There are constant reminders that all is not well with our young people. In the last year, there was a spate of heart-breaking cases of students taking their own lives. Ciara Pugsley (15) from Leitrim killed herself after being bullied on the internet.

Shannon Gallagher (15) from Donegal, took her own life just seven weeks after her 13-year-old sister Erin committed suicide, because she simply could not cope with the loss.

A Young Social Innovators conference in Dublin last month attended by students from 28 schools in Munster and Leinster identified suicide as one of the issues facing them.

While it is adults and parents who have lost jobs, houses and high-flying lifestyles due to the recession, we must not forget that there has been an impact on our young people too.

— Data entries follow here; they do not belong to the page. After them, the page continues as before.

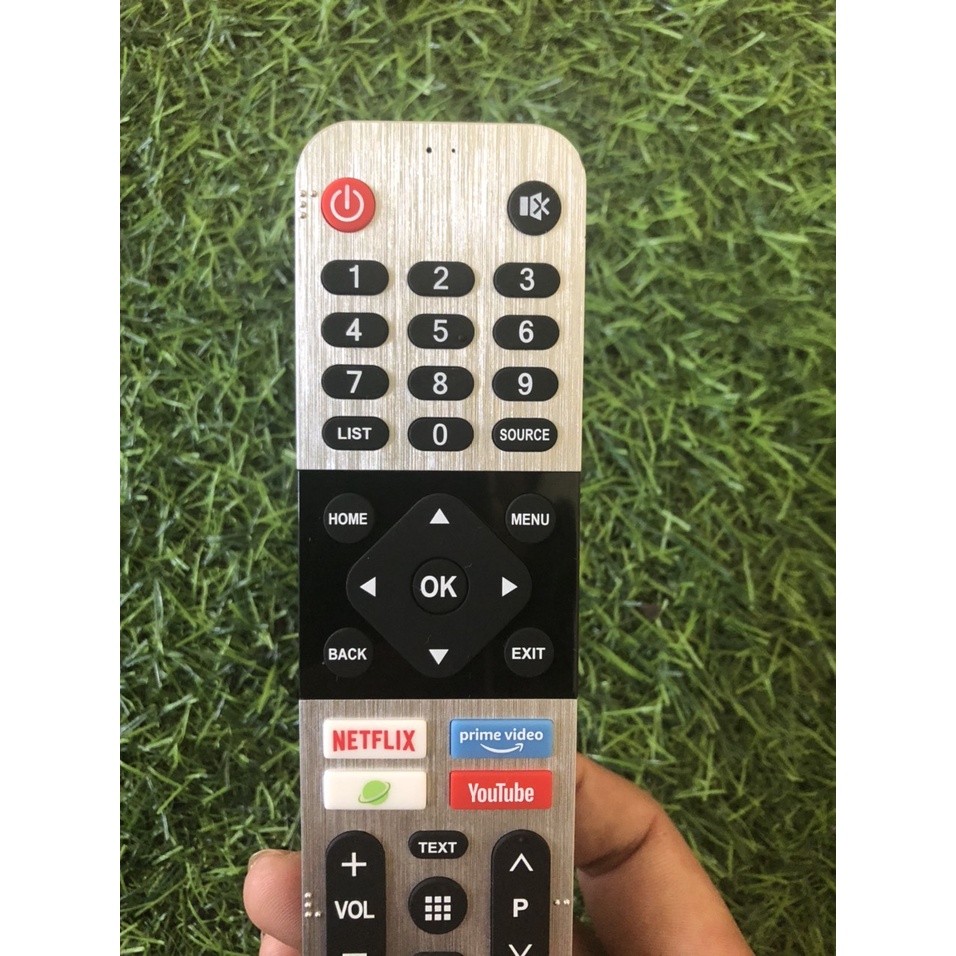 Điều khiển tivi SKYWORTH smart internet chính hãng  dòng tivi Android 4K TB5000 UB5100 UB5500 (màu trắng bạc )- Tặng pin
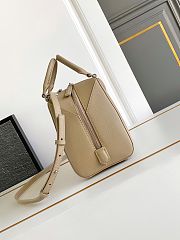 Fortok Givenchy Anyigona Cube Handbag Beige 13x19x22cm - 4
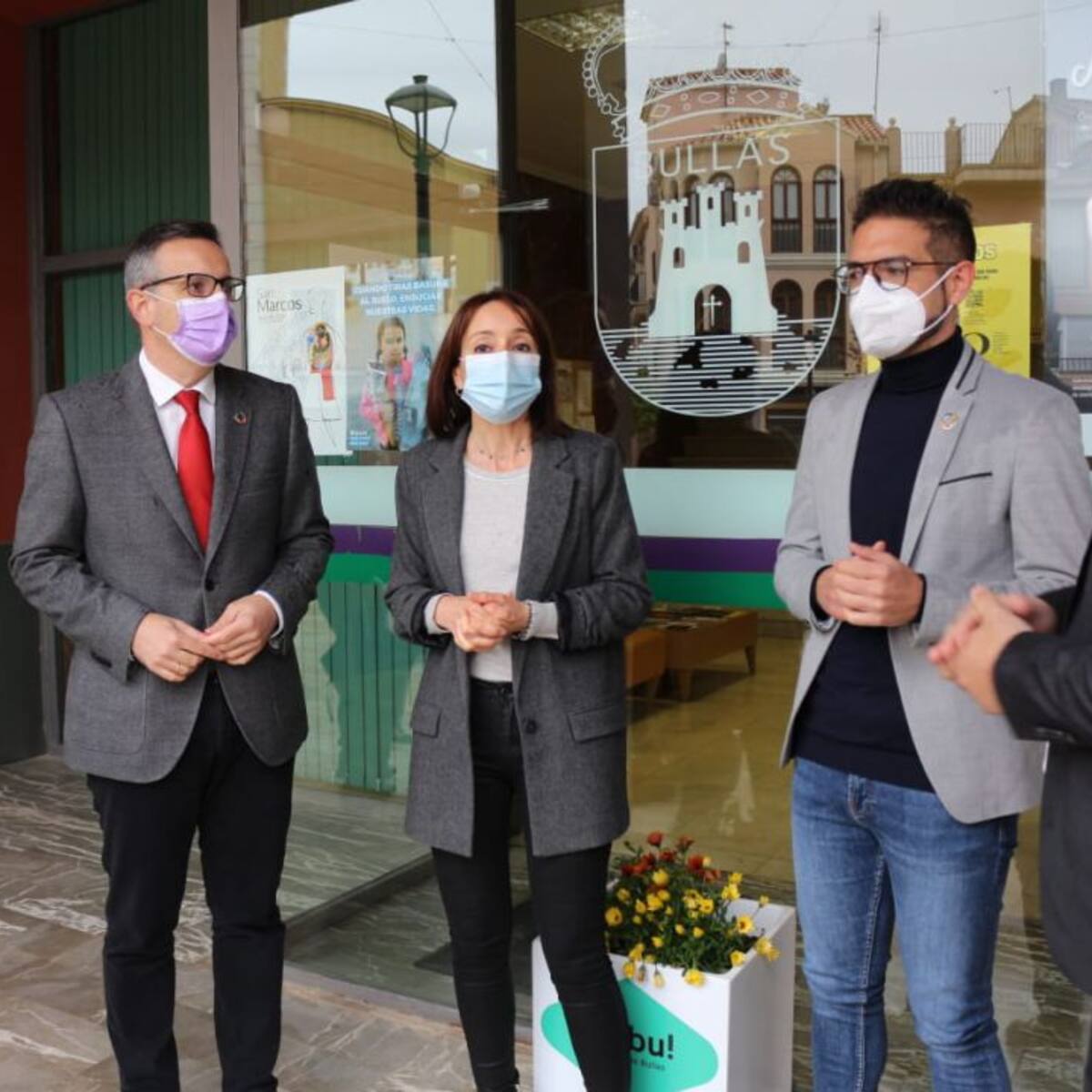 Conesa: "La falta de coordinación del Gobierno tránsfuga está provocando el caos en la vacunación"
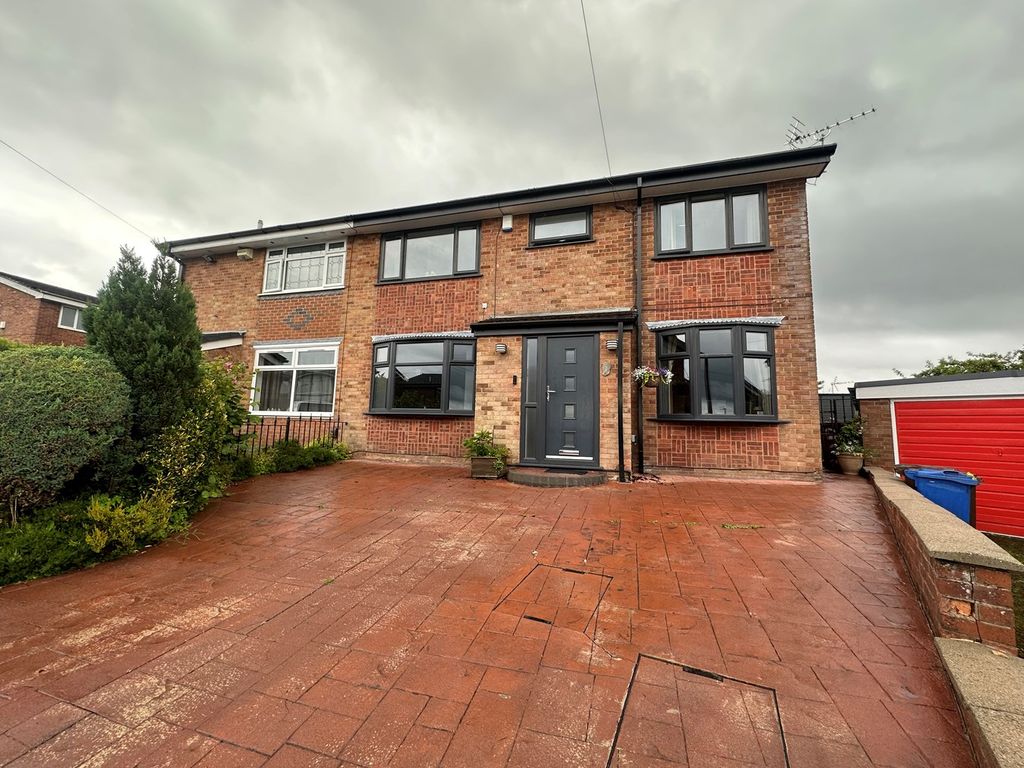 4 bed semidetached house for sale in Woodgreen Drive, Radcliffe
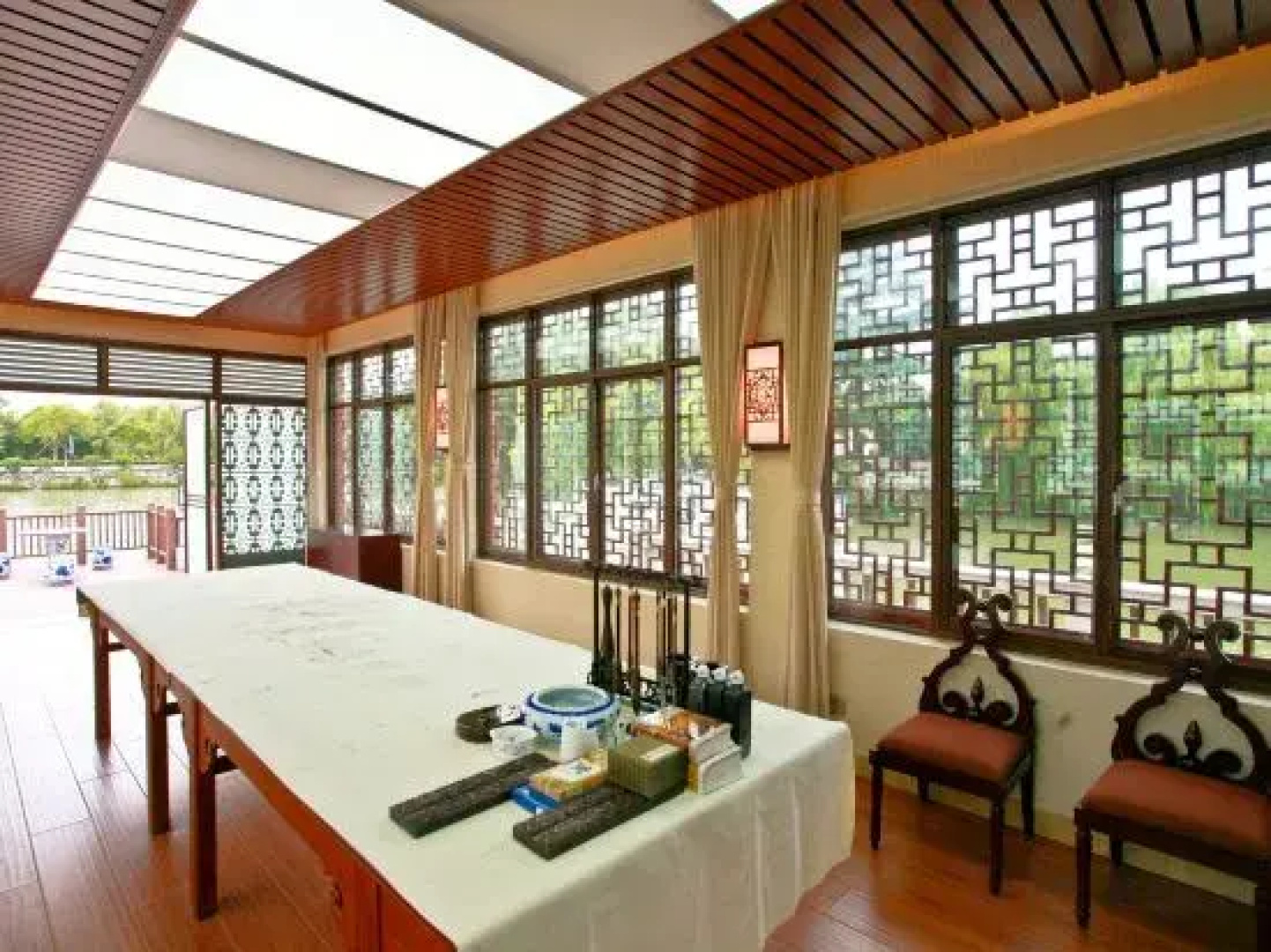 Nanhu Hotel
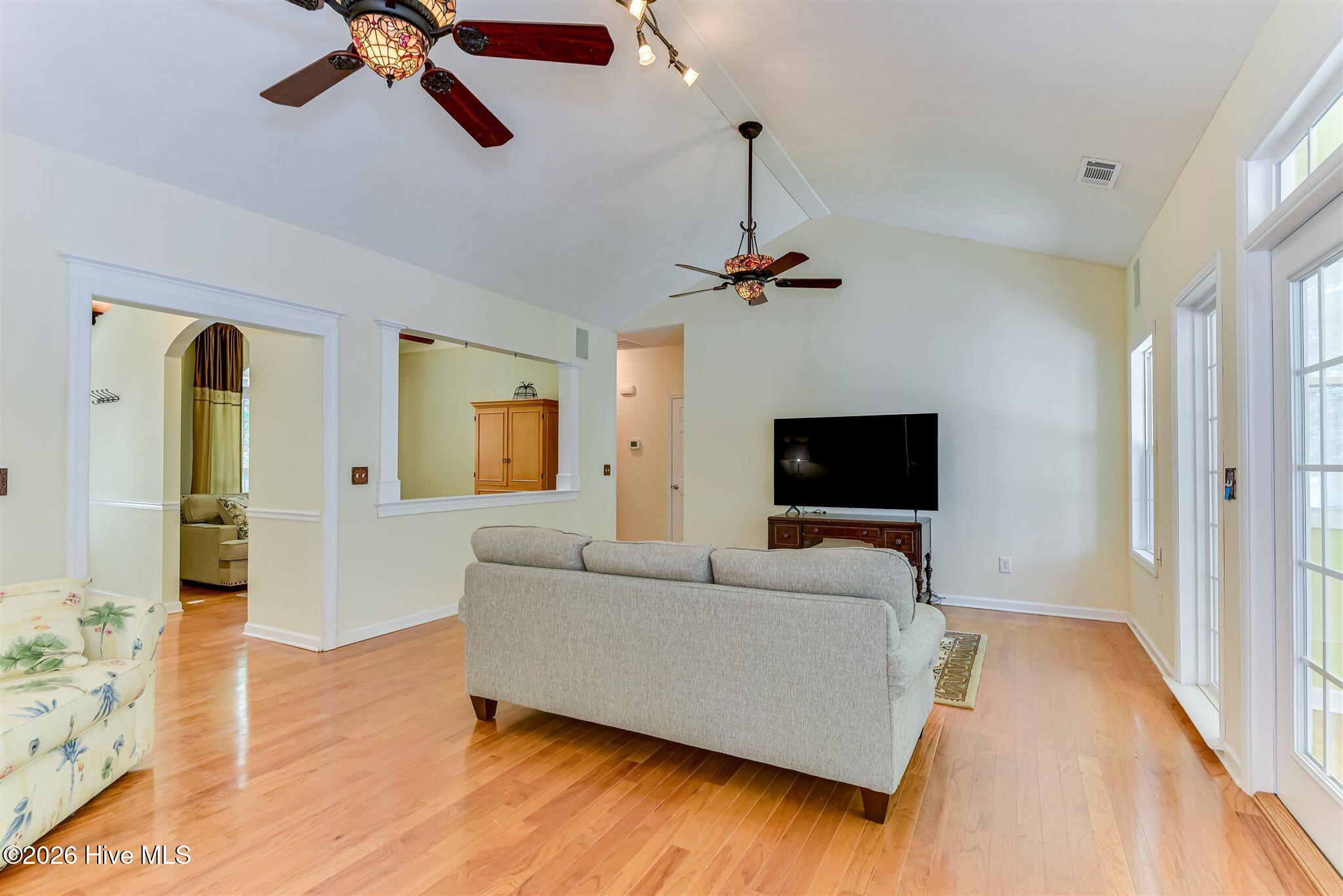 229 Windy Circle Property Photo 10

It is also a frightening time for them.

They are seeing their parents' relationships breaking down, with marriages affected by financial pressure.

They are being presented with very little hope about the future and are told they will probably have to go abroad after school with jobs so scarce here. They are also having to deal with all the normal adolescent pressures, such as how they look and how they are judged by their peers.

They have the pressure too of seeing their parents excel in the Celtic Tiger era and possibly feel a sense of failure that they might not follow them.

We need to start listening to our young people and watch out for signs of unhappiness and being unable to cope.

Teachers can only do so much and very often don't have the resources to back them up. Of course, lots of our young people are well able to deal with what life throws their way.

But we have to work on developing a more confident generation who will emerge from our schools and colleges with the belief that they can take on Ireland and the world.

It is time to be more vigilant about those falling through the cracks, perhaps growing up in families that have had their lives turned upside down by this country's rapid shift from boom to bust.

What started out as a financial crisis has the potential to become a massive social crisis pretty quickly if we do not look out for our young people and their needs and demands.

The next generation needs looking after now. Let's start listening.